Based on those cases, she suggested a figure of $512,000.00 as General Damages for Pain and Suffering and Loss of Amenities.

Mr. Irving on the other hand, while not citing any authorities pointed out that the Plaintiff in the Corine Peart case sustained five (5) fractured ribs as compared to the three (3) fractured ribs suffered by Mr. Brown in this case. Applying strict mathematical proportionality to the award, he suggested a figure of $307,00.00 and then reduced that sum further to $250,000.00 on the basis that no evidence as to loss of amenities was adduced by Mr. Brown.

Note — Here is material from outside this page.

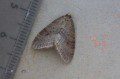 Winter Moth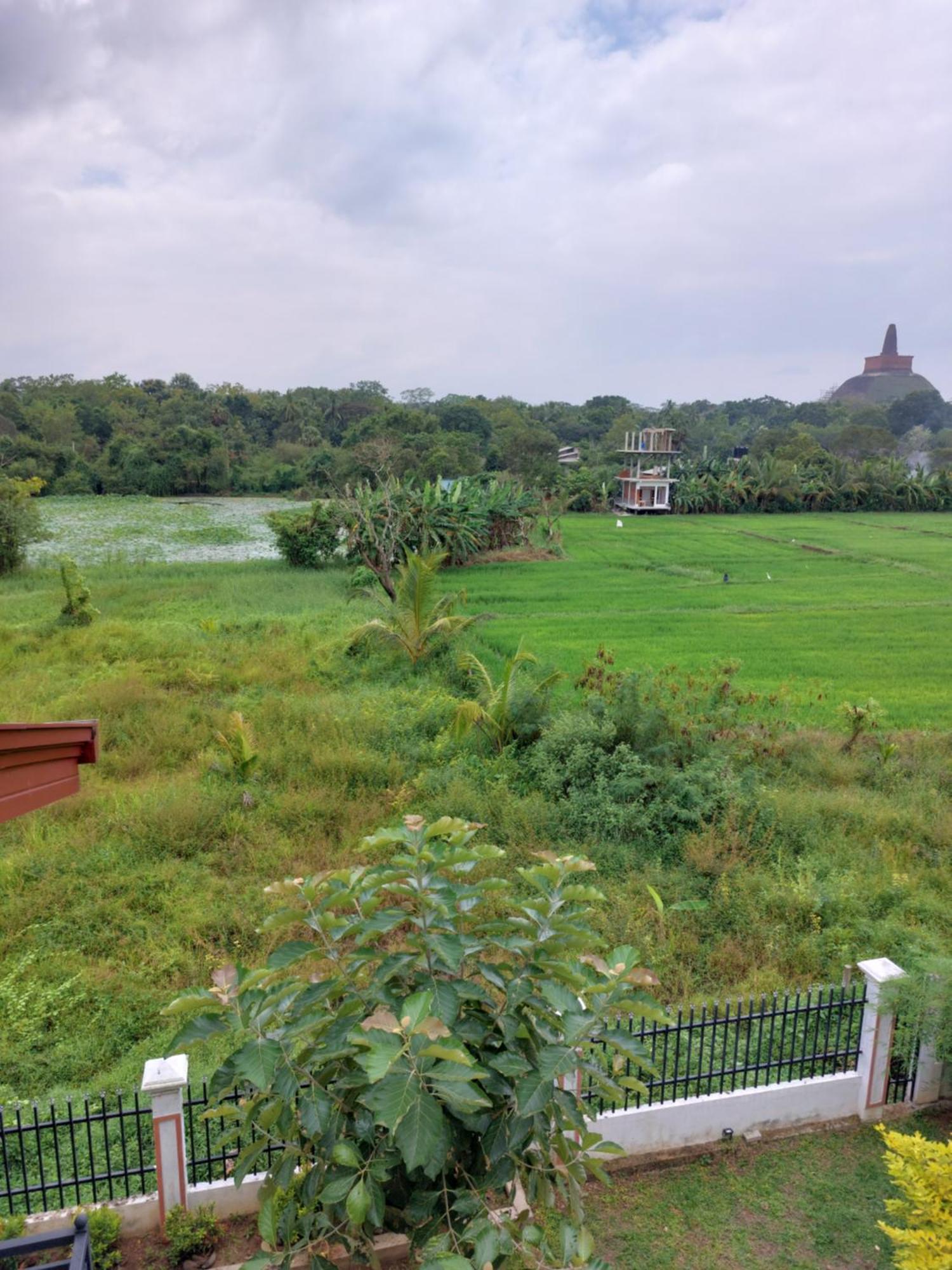 Green Shield Resort Anuradhapura Eksteriør bilde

While I accept that Counsel failed to lead any evidence from Henry Brown as to loss of amenities in this matter and I also agree that the injuries were more serious in the Corine Peart case than in the present one, I do not accept the amount suggested by Mr. Irving nor the formula at which he arrived at that figure. An amount for compensation in respect of fractured ribs is not and cannot be awarded per rib. Each litigant faces adversity in their own way and the Court must consider the circumstances of and the evidence given by the particular litigant before it on each occasion.

The authorities on quantum damages are mere guidelines. In the present case, Henry Brown complained of feeling pain up to the time of filing his Witness Statement a few months ago. This also was never challenged in cross examination.

After considering the evidence before me and looking at the authorities referred to, I am of the view that the sum of $375,000.00 would be adequate compensation for Pain and Suffering in this matter.

Judgment then is awarded in favour of the Claimant against the Defendant in the sum of $423,183.00 being:-

Special Damages $48,183.00

General Damages -

Pain and Suffering 375,000.00

Interest on Special Damages at 6% per annum from the 1 st July, 2002 to the 14 th November, 2003. Interest on General Damages at 6% per annum from 1 st February, 2003 to the 14 th November, 2003.

Costs to the Claimant to be taxed if not agreed.